I left the comfort of grandbabies and a big family breakfast Sunday to fly to Juneau to attend a friend’s memorial service ( you may recall elementary teacher Rene Walker’s obituary? It was for her.) I boarded the plane on the lovely, clear, warm and calm morning, and the pilot said we’d be flying over the ice field. I kind of wondered what that meant, but figured it was just the little jag near the Mendenhall Glacier the flights from Haines sometimes take near the end of the (about) 90 mile flight to Juneau. Well, he flew us straight up and over the mountains across Lynn Canal from Mt. Sinclair the entire the way to Juneau. Nothing but ice and rock and snow and steep cliff walls and jagged spires and while I’m sure it was all very grand, I could not look. At each swoop and turn and sudden drop beneath us, the Swedish tourists in the plane oohed and ahhed and pointed their phones. I pulled mine out and texted our location and route to my family, just in case. Then I tried not to cry, I was so afraid, and what with the purpose of my journey, and the recent comfort of waking up in bed next to a three year old granddaughter and teaching her to sing “Oh What a Beautiful Morning,” — it was impossible to breathe, much less relax. Pretty soon I was convinced this might be my last flight ever, literally, and so I tapped the pilot on the shoulder and mouthed ” be safe.” He grinned. I shut my eyes and prayed. I glimpsed the water and hoped we’d head back out to familiar territory, but we soared up between two peaks very close together. I texted my family that I loved them. By then I was sobbing with big shoulder shaking ones. The tourists chuckled. I vowed I’d never fly again.
The only trouble was I had a round trip ticket and there was no ferry until tomorrow. I was supposed to be home for a cookout with my family, and I really, really wanted to see them all again. Especially my grandchildren. I wanted to teach Caroline another song. When I returned to the airport after the service, I requested that we don’t return over the ice field. There were just two of us on the flight, and we were both from here, but the pilot was surprised. It was a great day for the ice field flight. Clear and calm. He asked if I was the nervous flier. I assured him I was not. I did not tell him two of my next door neighbors have died in plane clashes, or that I can look out my window and see the place where another plane full of sightseeing folks crashed on a lovely day like this one. I didn’t say my husband always assures me that commuter flights are the safest. Instead I said, “please fly the regular commuter route to Haines.”

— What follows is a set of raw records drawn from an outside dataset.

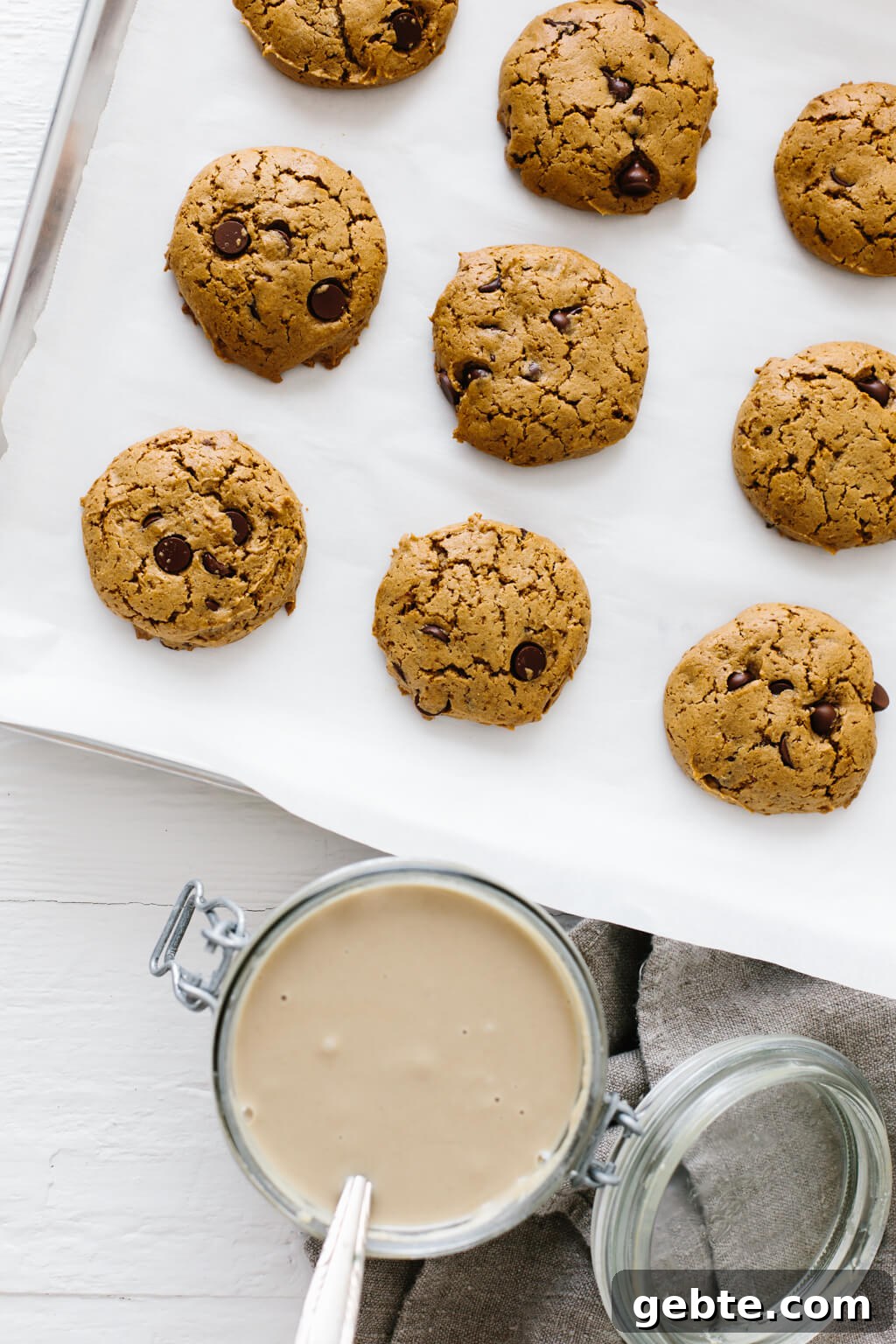 These flourless chocolate chip tahini cookies are gluten-free, nut-free and paleo. They're soft, chewy and utterly delicious. So easy to make! #TahiniCookies #Tahini #ChocolateChipCookies #CookieRecipe #Paleo #GlutenFree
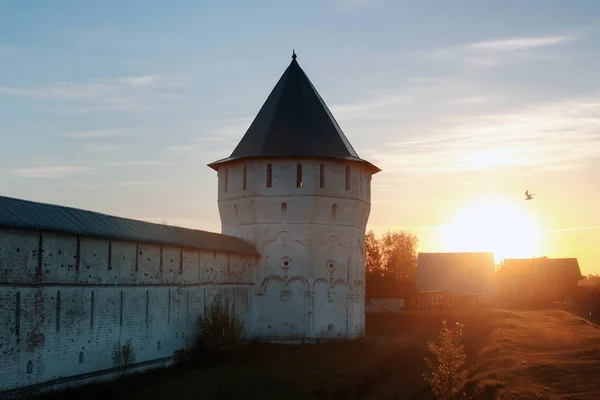 Brick cathedral fortress medieval Christian era at sunset — Stock Photo, Image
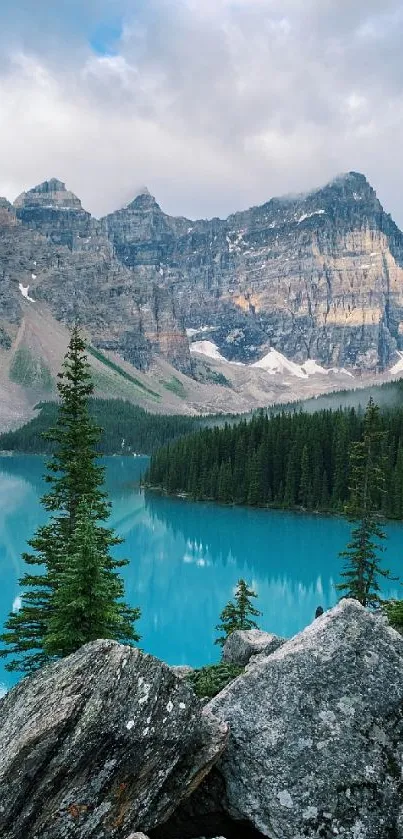 Serene mountain lake with pine trees and turquoise water.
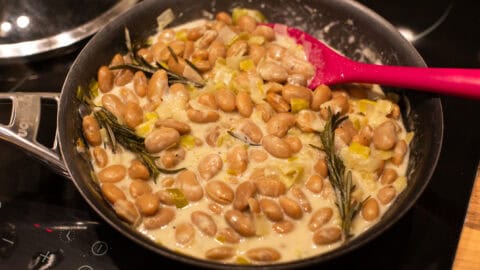 A frying pan with creamy butter beans and leeks.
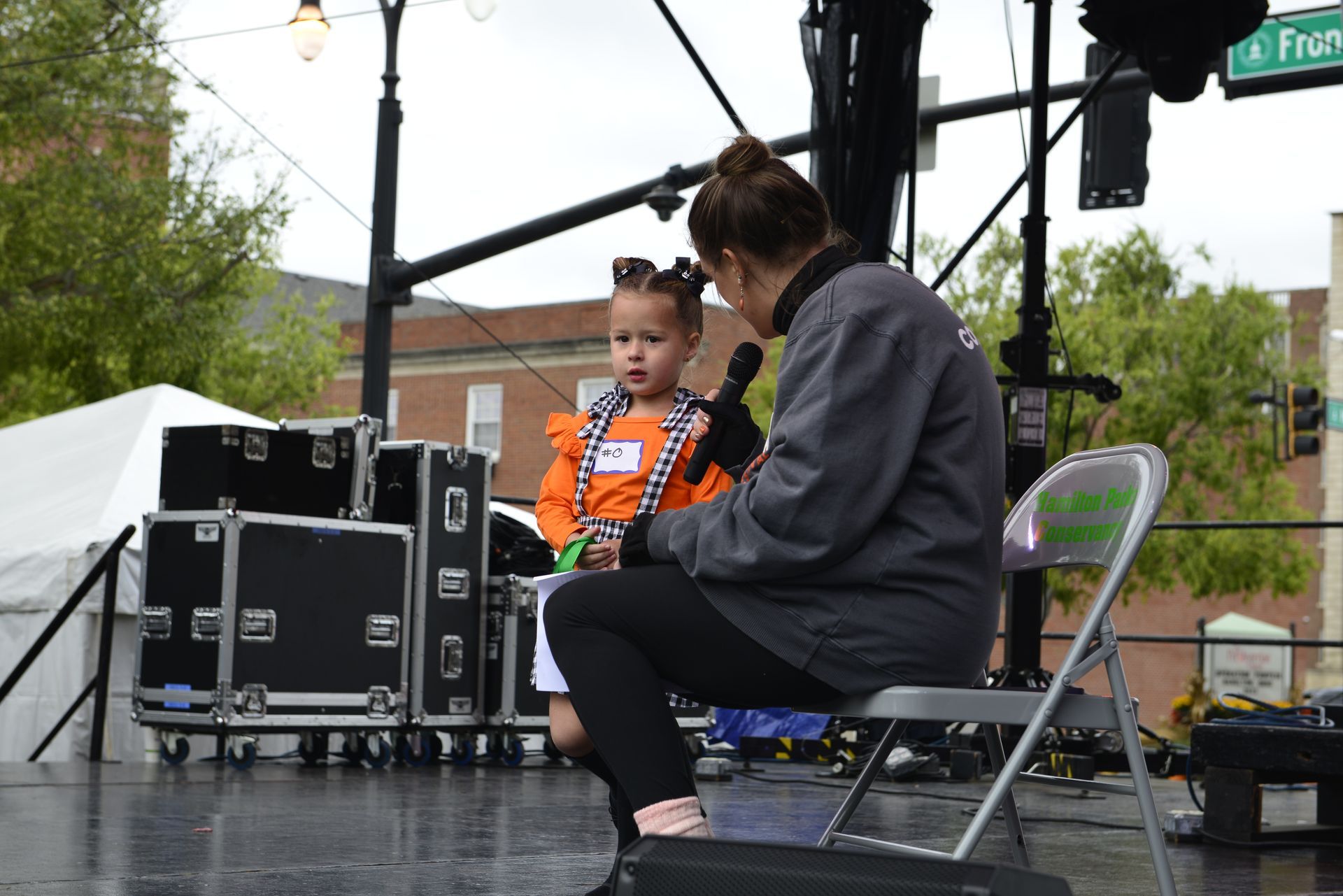 a woman is sitting on a stage talking into a microphone while a little girl looks on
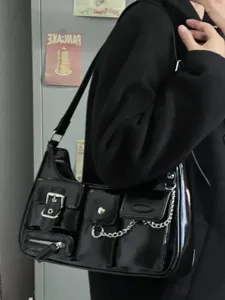 Trendy Y2K motorcycle shoulder bag for women, black patent leather purse with chains.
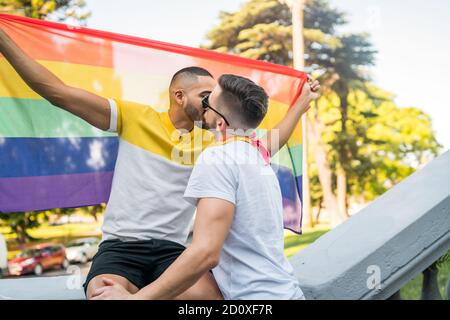 Portrait de jeunes couples gays baisers et montrant leur amour avec le drapeau arc-en-ciel dans la série. LGBT et concept d'amour. Banque D'Images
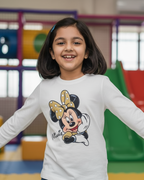 Young girl wearing a Minnie Mouse shirt in a colorful indoor playground.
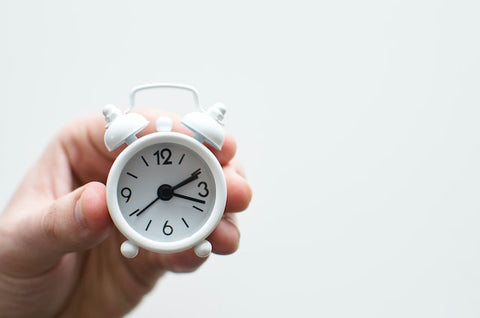 Person holding white mini bell alarm clock.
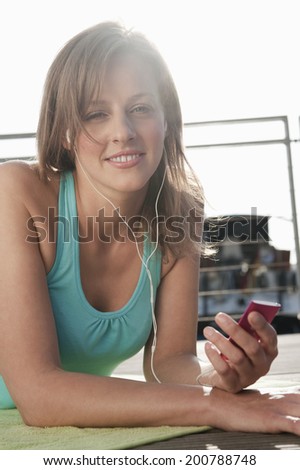 Germany, Hamburg, Woman lying on sun deck listening to music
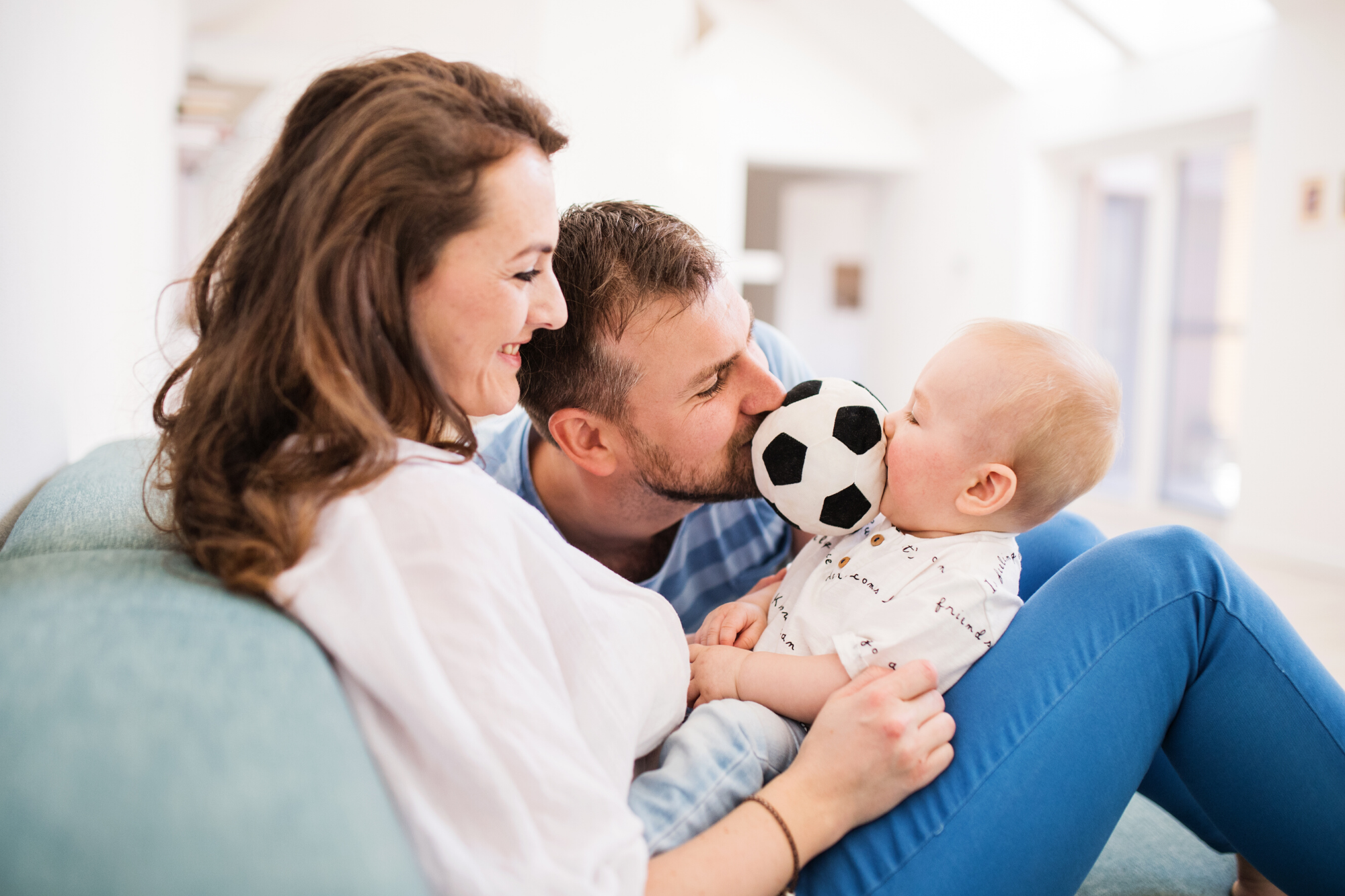 Baby sitting between mums legs, dad is holding a plush football toy between his mouth and the babys mouth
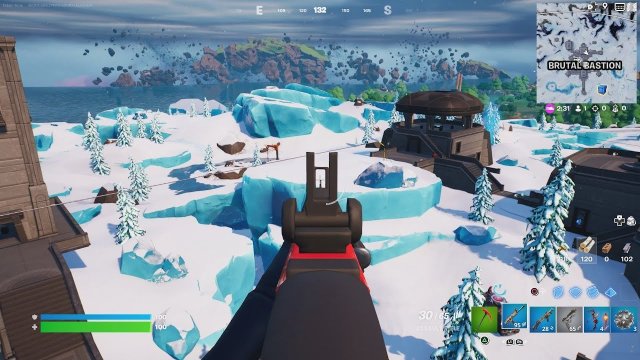 Fortnite as seen from the first-person perspective with a gun in hand.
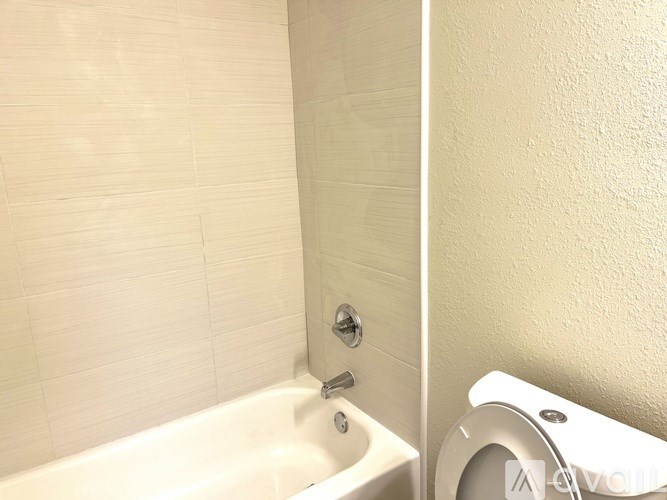 A white bathtub sits next to a white toilet in a bathroom.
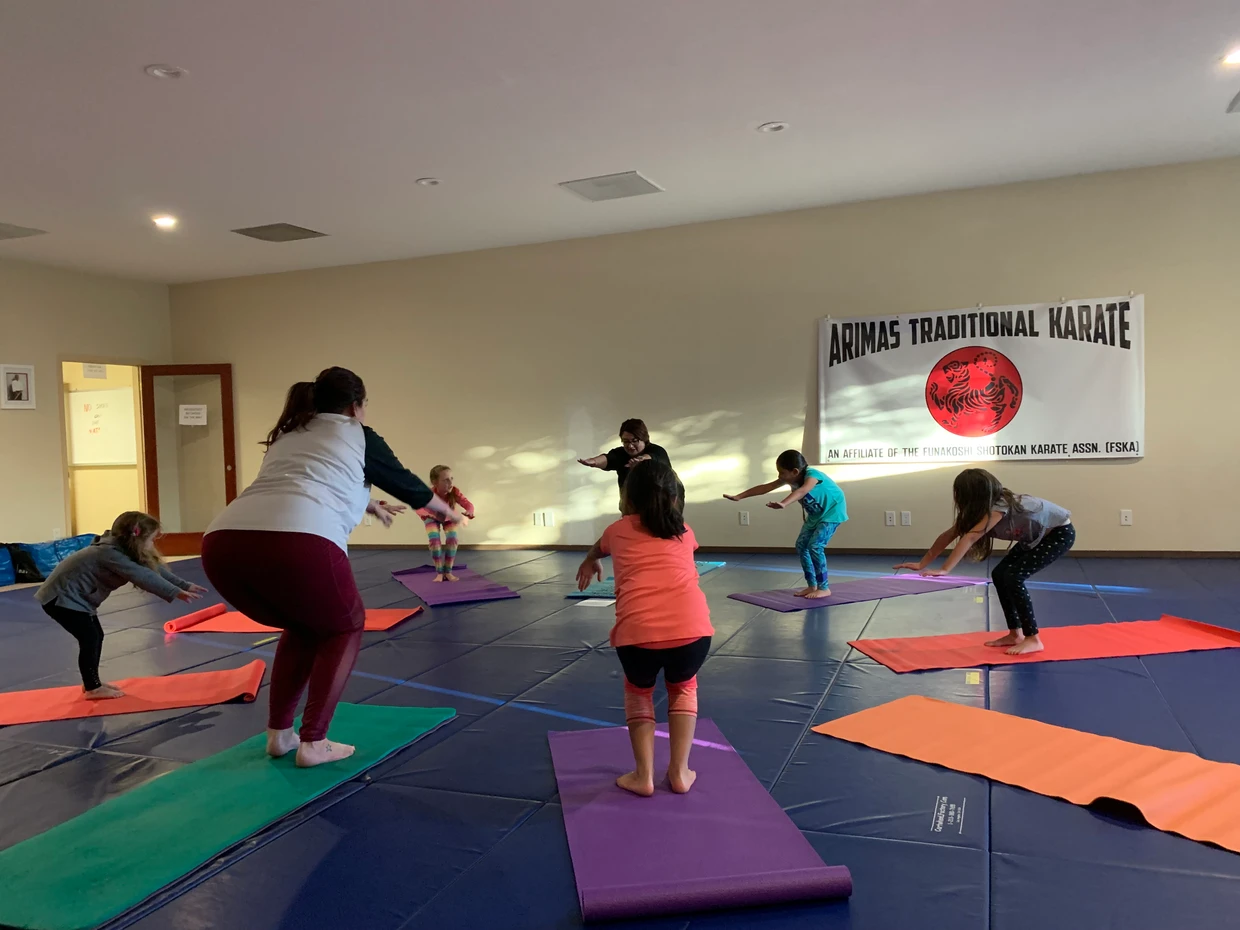 A group of people, including children, practicing yoga in a room with karate dojo banners.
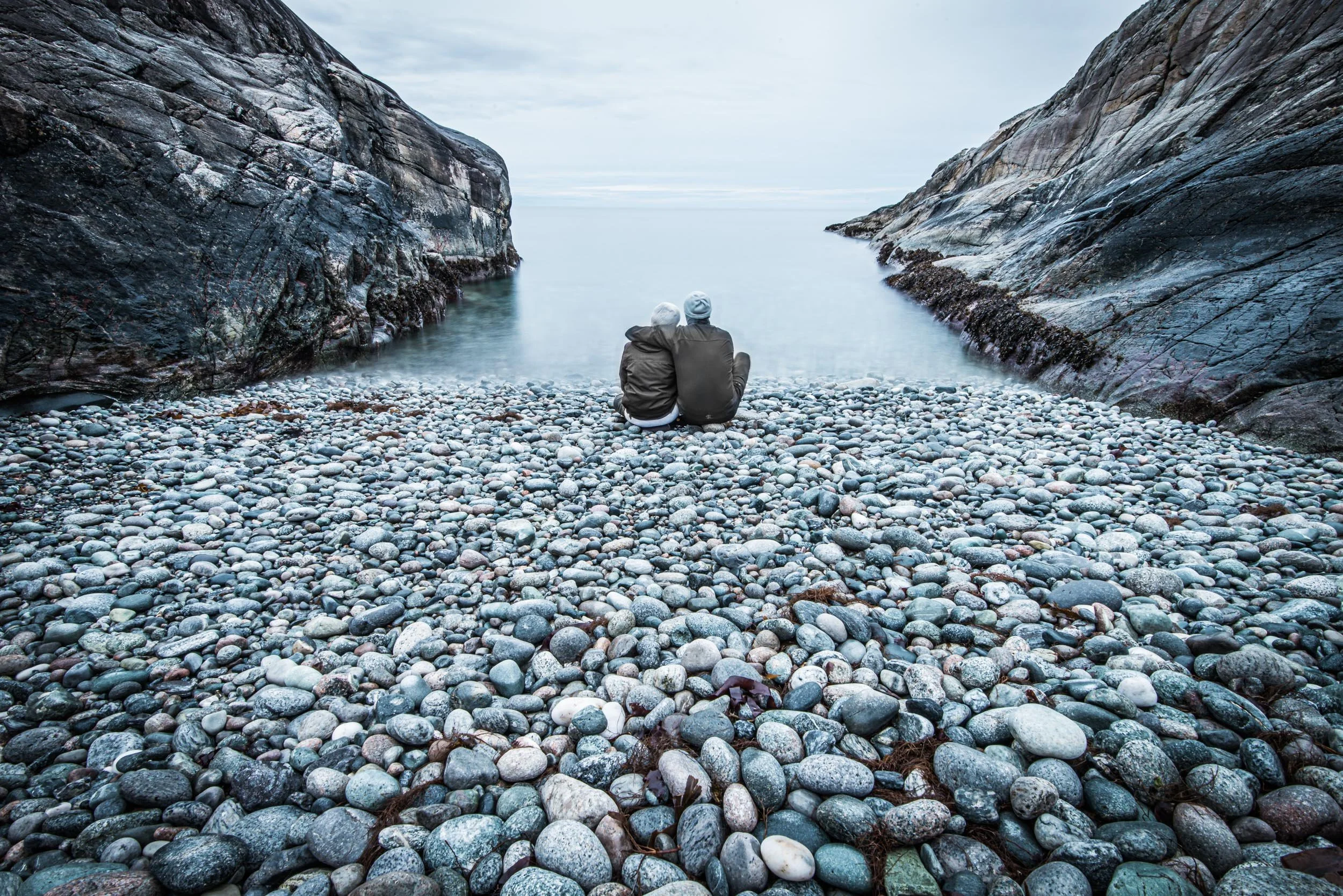 To personer sitter på en steinstrand og observerer vann mellom to klippeformasjoner.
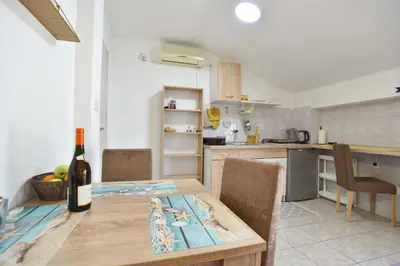 a kitchen with a wooden table and a bottle of wine at Apartman 3 in Budva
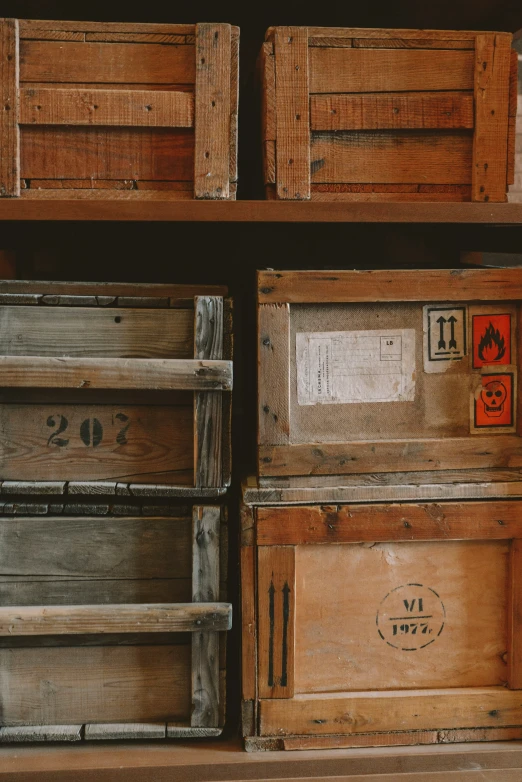 several drawers that are holding mail boxes and wood crates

At the memorial service, which Rene had planned, a Mary Oliver poem was read, the one called Such Singing in the Wild Branches. It ends with, ” Is it spring, is it morning? … Does your soul need comforting? Quick then– open the door and fly your heavy feet; the song may already be drifting away.” Rene knew she was dying in a way most of us never will (even though we all are terminal, when you think about it) and wanted to remind us to live each day completely. I kept my eyes open on the lovely flight home, and I thought about that, and how if I ever do fly over the ice field again, I’ll try to see the beauty, and hear the song of the the glaciers and the ancient earth. I hummed Ode to Joy, which had closed her service, and was sorry I had wasted that hour in the plane crying. I mean, if my concerns were realized, shouldn’t I leave this earth with joy and rather than fear? Shouldn’t we all, and don’t we all have at least that choice?